June 27th, 2025

The Mystery of the Isolated Hepatitis B Core Antibody, Solved

(A post inspired by years of doing eConsults, an extremely common query about hepatitis B testing, and the latest BritBox series, “Core Antibody Confidential,” starring a grizzled detective with a faded suit and a haunted past.)

Your electronic medical record lists “deficiencies” in health care maintenance for one of your patients, so you order hepatitis B serologies. The next day, the results pop up on your screen (cue ominous base line):

HBsAg:  negative
anti-HBs:  negative
anti-HBc:  positive

The start of the report was simple, but it’s the ending that pushes you to hit the “Next Episode” button.

Why? Because there’s no surface antigen to confirm an active villain. No reassuring surface antibody to declare the battle won. Just the mysterious core antibody, skulking around your labs like one of those brilliant character actors who also appeared in Broadchurch — or was it Shetland, or (changing British TV genres) Bleak House?

Let’s play the eccentric British detective, his career fading and forced to resign from a post in London due to a separate mystery on its own (and a very engaging subplot itself), and now arriving in a remote seaside town to solve this mystery.

The suspects:

  1. Resolved infection. Your patient cleared HBV long ago; anti-HBs has simply faded with time, like my memory of the names of the minor characters from Episode 1.
  2. Occult HBV infection. They have chronic hepatitis B, but the surface antigen is too low for detection — hiding in a witness protection program, likely somewhere in the right upper quadrant. Further inquiry with a hepatitis B DNA test (hepatitis B viral load) may snag this guy, but you’ll have to bring the patient back for more questioning … um, blood tests.
  3. The “window period” of acute infection. The crime just occurred, and the protective surface antibodies haven’t shown up yet, even though the surface antigen cleared. Even detectives on the downslope of their careers can chase down recent risk factors for HBV — and so should you.
  4. False-positive test. Tests aren’t perfect, and antibodies to hepatitis B core might cross react with other antigens — such as those triggered by eating marmite, haggis, or trifle. (Not a fan of any of these British food items, for the record. And yes, I made those up as the cause. In reality, we rarely know what triggers false positives, but low pre-test probability and imperfect assays are usually to blame.)

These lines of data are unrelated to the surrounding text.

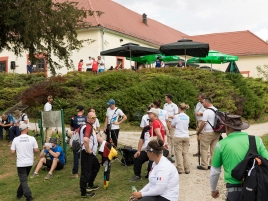 EM-Feld-2019-15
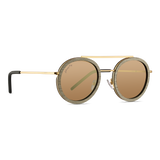 Johnny Fly - Riker Sunglasses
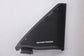 2010-12 Mercedes-Benz E350 4Matic Harman Kardon Speakers and Amplifier Set of 11 - Alshned Auto Parts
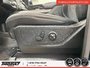 2020 Ram 1500 Sport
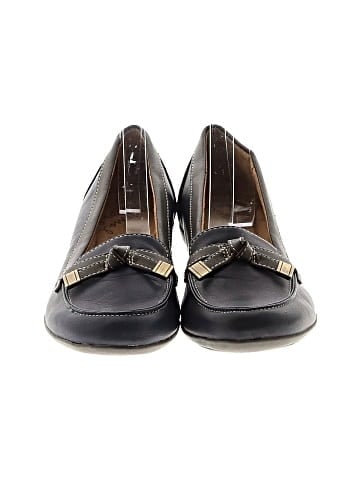 Natural Soul by Naturalizer Flats (view 2)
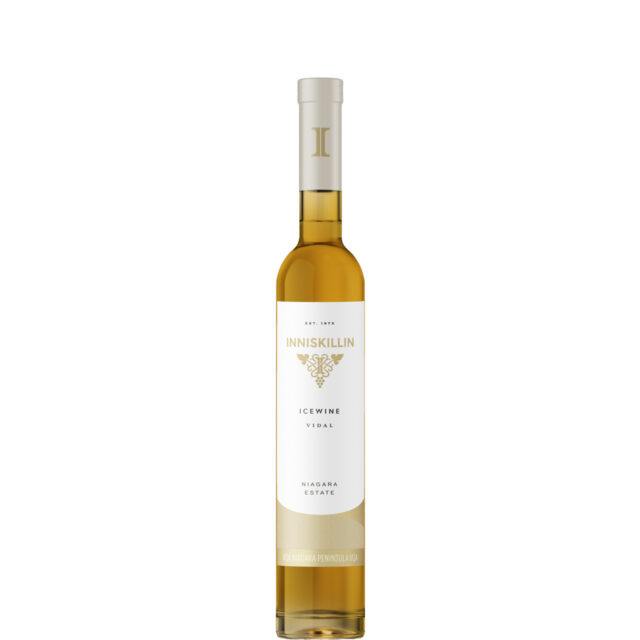 Inniskillin Vidal Icewine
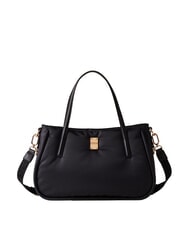 BORBONESE CAHIER  Bolso bandolera con correa para el hombro - Bolsos Mujer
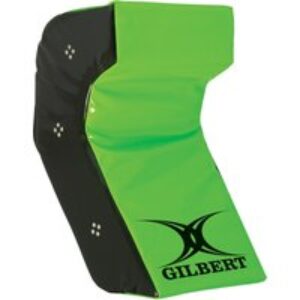 Gilbert Rugby Gilbert Technique Wedge – One Size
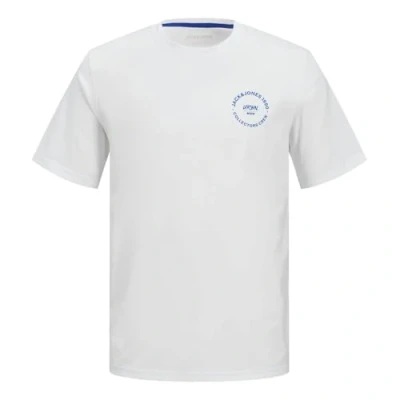 Abbildung von JJSIMON Tee SS Crew Neck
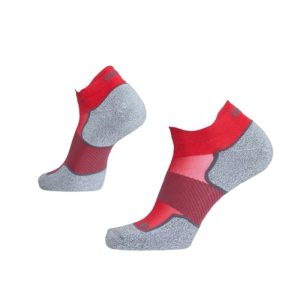 ACTIVE COMFORT PERFORMANCE SOCKS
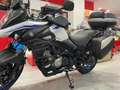 Suzuki V-Strom 650 XT SPORT AD. TOURER Blanco - thumbnail 1
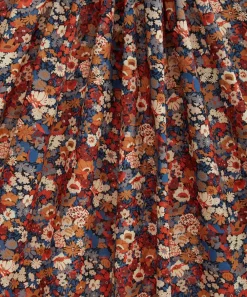 Liberty Fabrics Classic Tana Lawn|Tana Lawn™ Cotton^Thorpe Tana Lawn™ Cotton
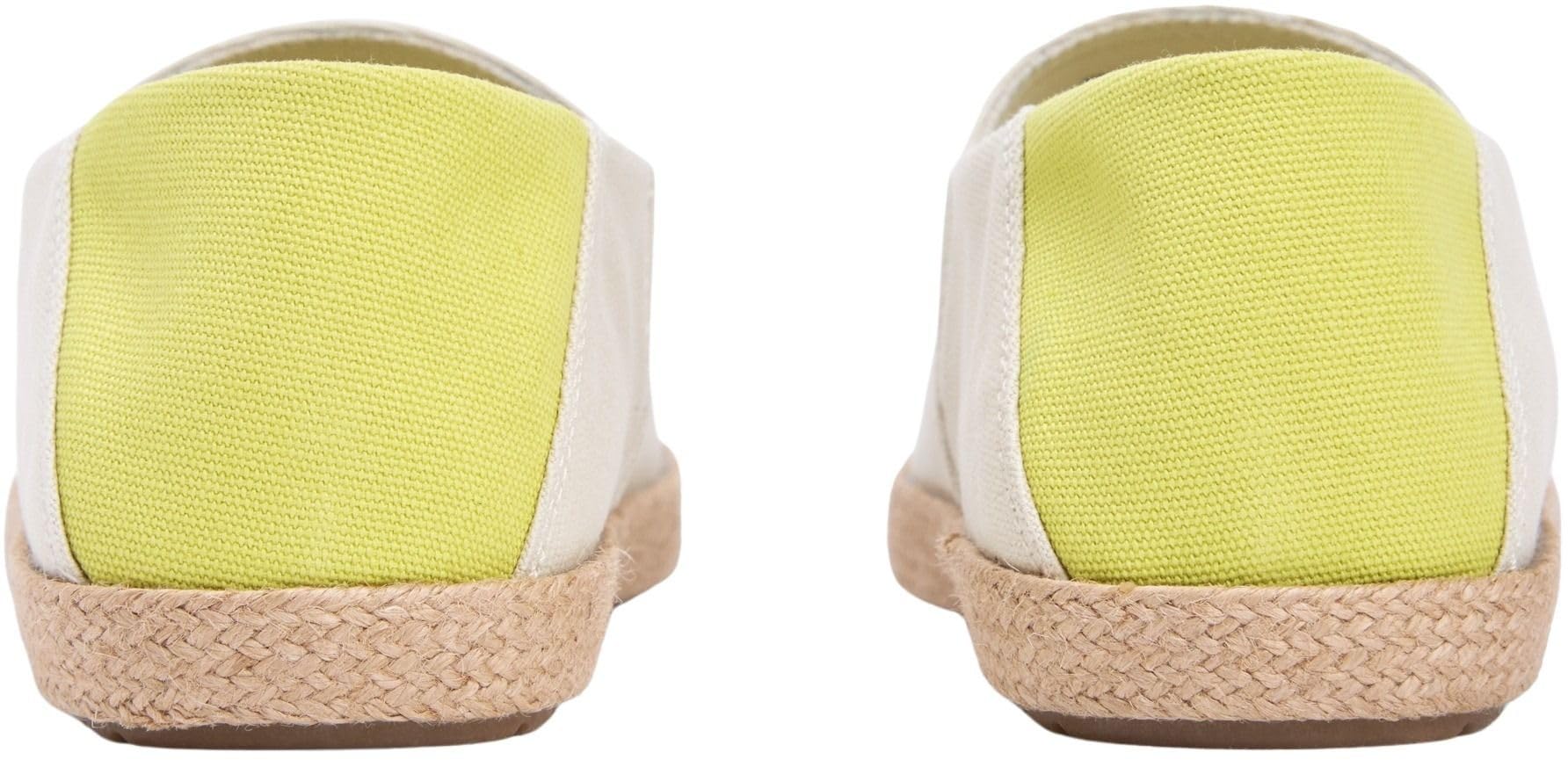 Tommy Hilfiger Mężczyźni Core Hilfiger Espadrille Textile Fm0fm05792Espadryle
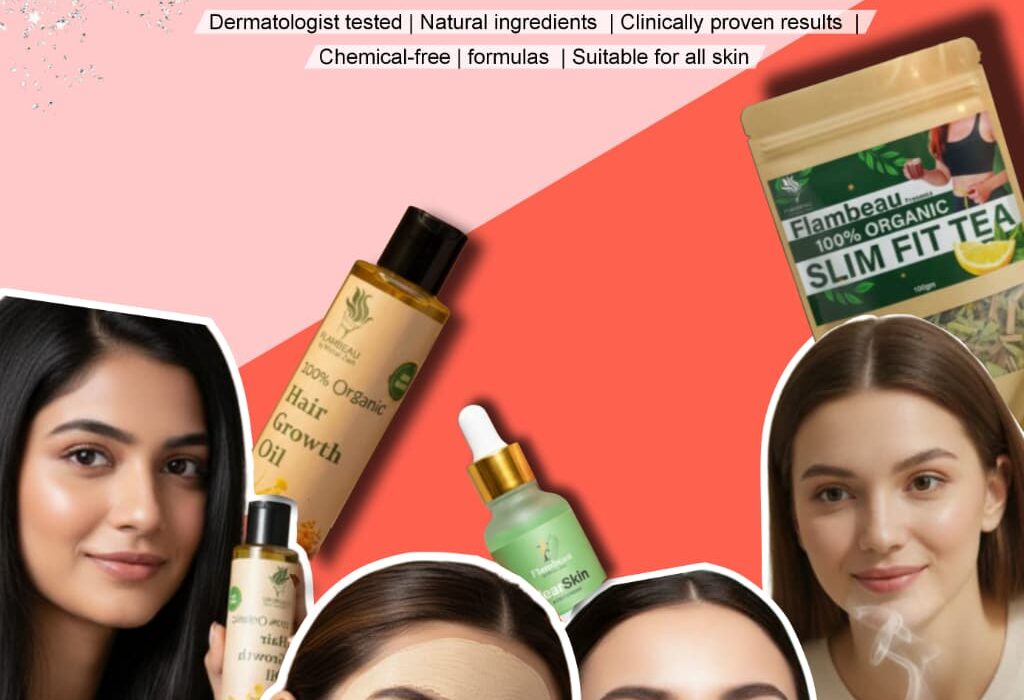 WhatsApp Image 2026-02-27 at 10.44.04 PM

Practically, what to do next? And isn’t it time to stop this detective series metaphor?

(Yes. Apologies if I periodically lapse.)

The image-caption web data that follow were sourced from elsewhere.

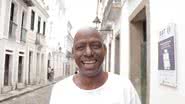 Reprodução / Redes Sociais / Youtube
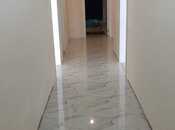 Satılır 5 otaqlı həyət evi/bağ evi 140 m², Zabrat q., photo 5 from 8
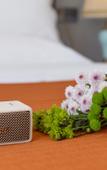 Туры в отель Floral Hotel· Beijing hanyue No. 3 hotel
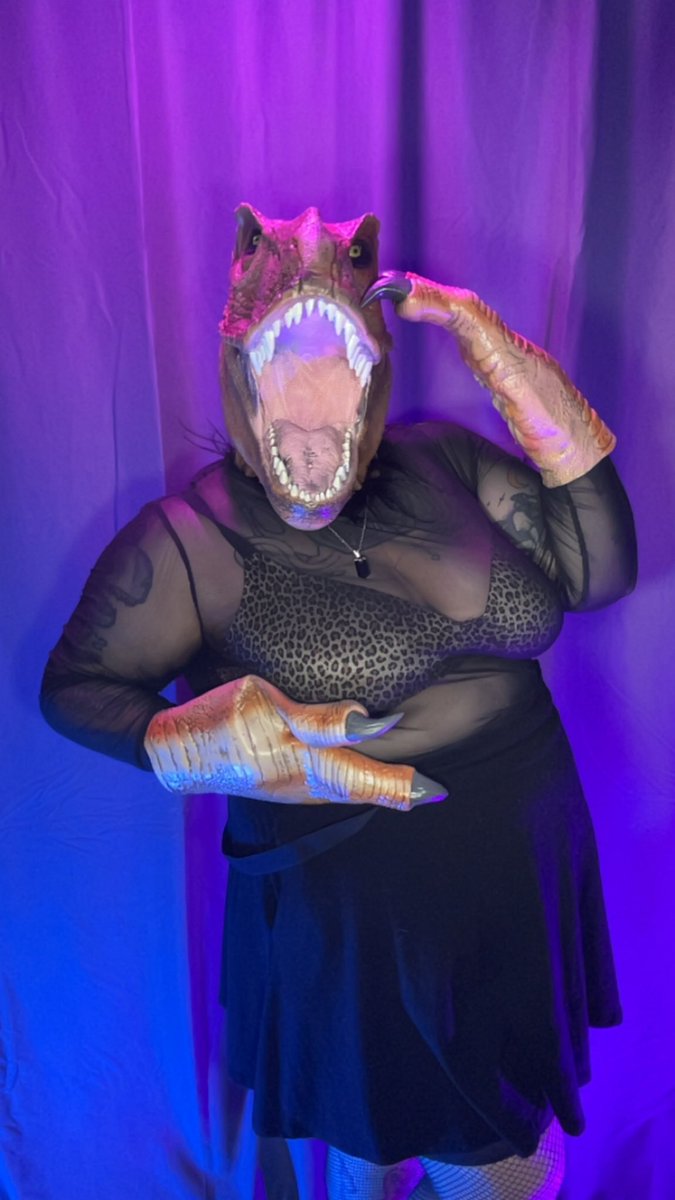 Kat Kalling tweet media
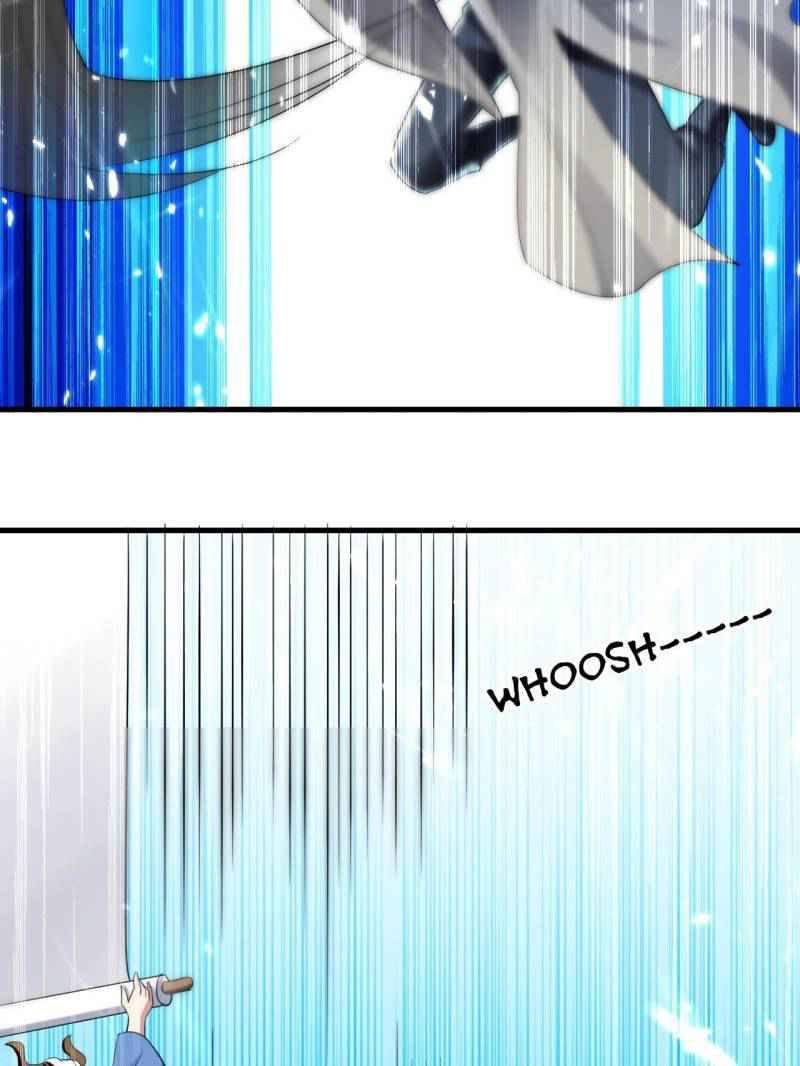 Super Son-in-law In Another World Chapter 39 - page 30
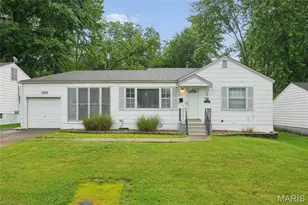 10200 Coburg Lands Dr, Bellefontaine Neighbors, MO 63137 - Photo 1
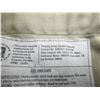Image 4 : ASSORTED U.S. MILITARY CLOTHING LOT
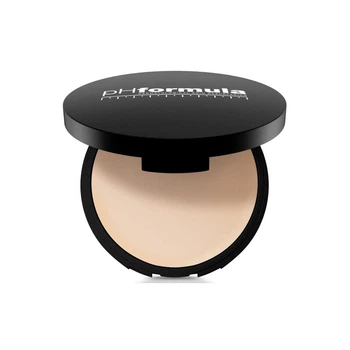 Компактна основа (світлий тон) з SPF50+ pHformula Compact Foundation (light) SPF50+ 10 г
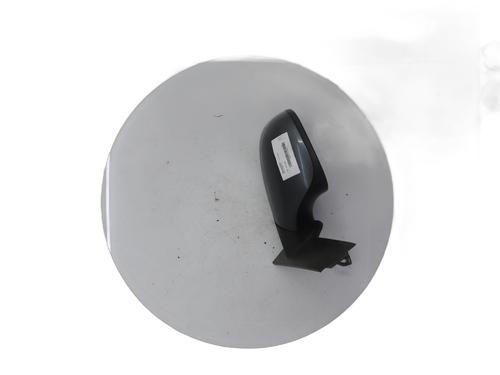 right-mirror-seat-altea-5p1-2004-2005-2006-2007-2008-2009-2010-2011-2012-2013-2014-2015-34543078 main image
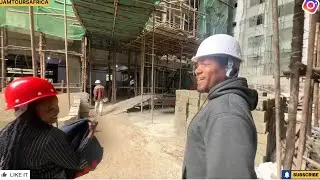 Buying Off-Plan Apartments in Kenya: What You Need to Know 🇰🇪
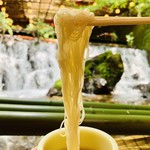 ひろ文 - 料理写真:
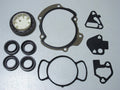 Fel-Pro Chevrolet Traverse CS 26376-1 Engine Conversion Gasket Set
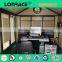 cheap acoustical panels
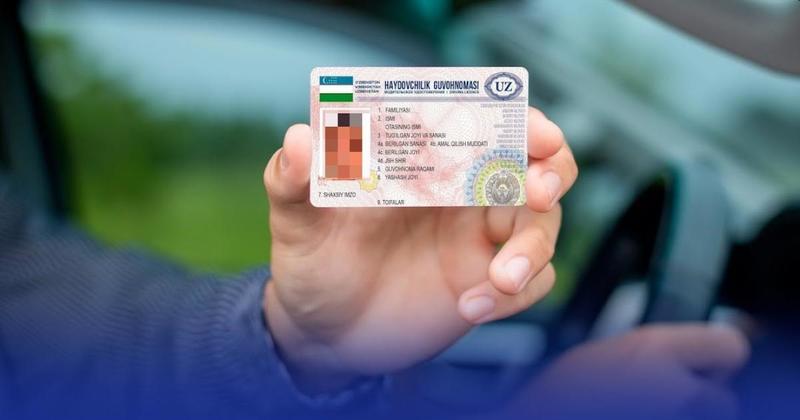 Asylum seeker accused of giving police fake identity document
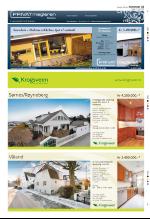 aftenbladet_del3-20090417_000_00_00_035.pdf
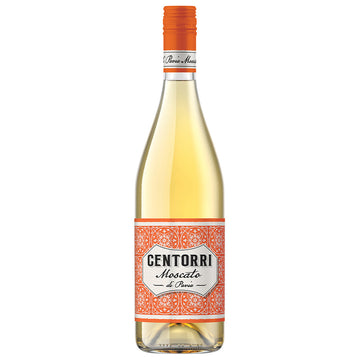 Centorri Moscato di Pavia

Back to real life. Since by far the most likely explanation for anti-hepatitis B core antibody is resolved infection — item #1 above — the simplest thing to do is check for hepatitis B DNA. In the vast majority of cases, it will come back negative, and you can reassure your patient.

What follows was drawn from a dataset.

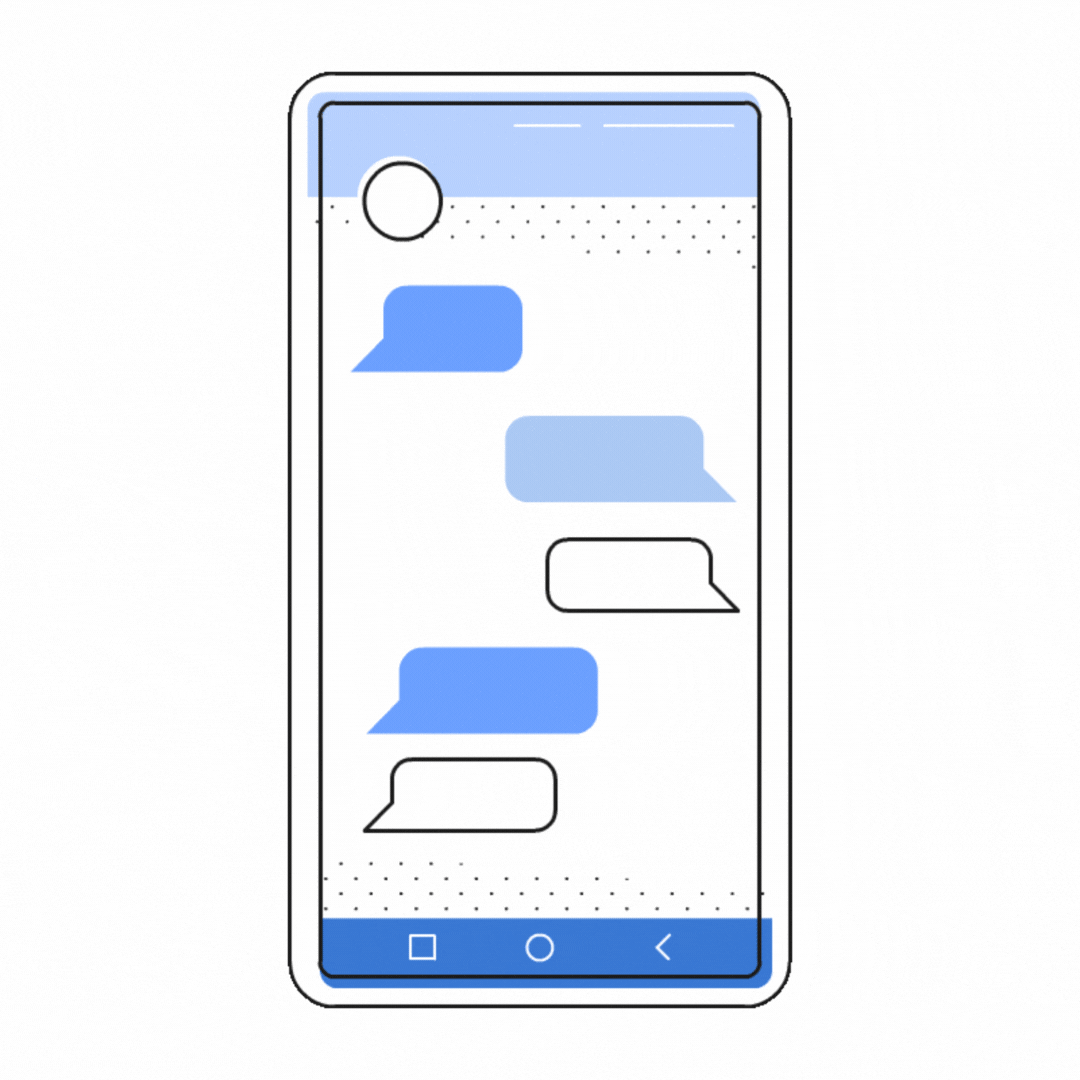 sendQuick.io Conversa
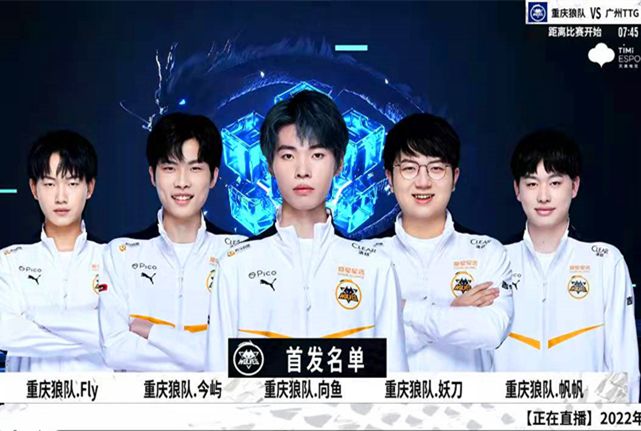 利不仅是他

But are you done? Not quite — like any good mystery, a couple of loose threads remain, maybe even enough for Season 2. Importantly, people with isolated anti-HBc positivity may have occult hepatitis B infection (OBI), defined as HBV DNA in the liver with or without detectable HBV DNA in the blood. This becomes clinically relevant in immunosuppressed individuals, organ transplant recipients, and those with HIV or hepatitis C virus coinfection, as they are at increased risk for HBV reactivation and associated complications.

The population at greatest risk for this reactivation? People who receive B-cell depleting therapies such as rituximab, with the risk high enough to warrant antiviral therapy with either entecavir or tenofovir.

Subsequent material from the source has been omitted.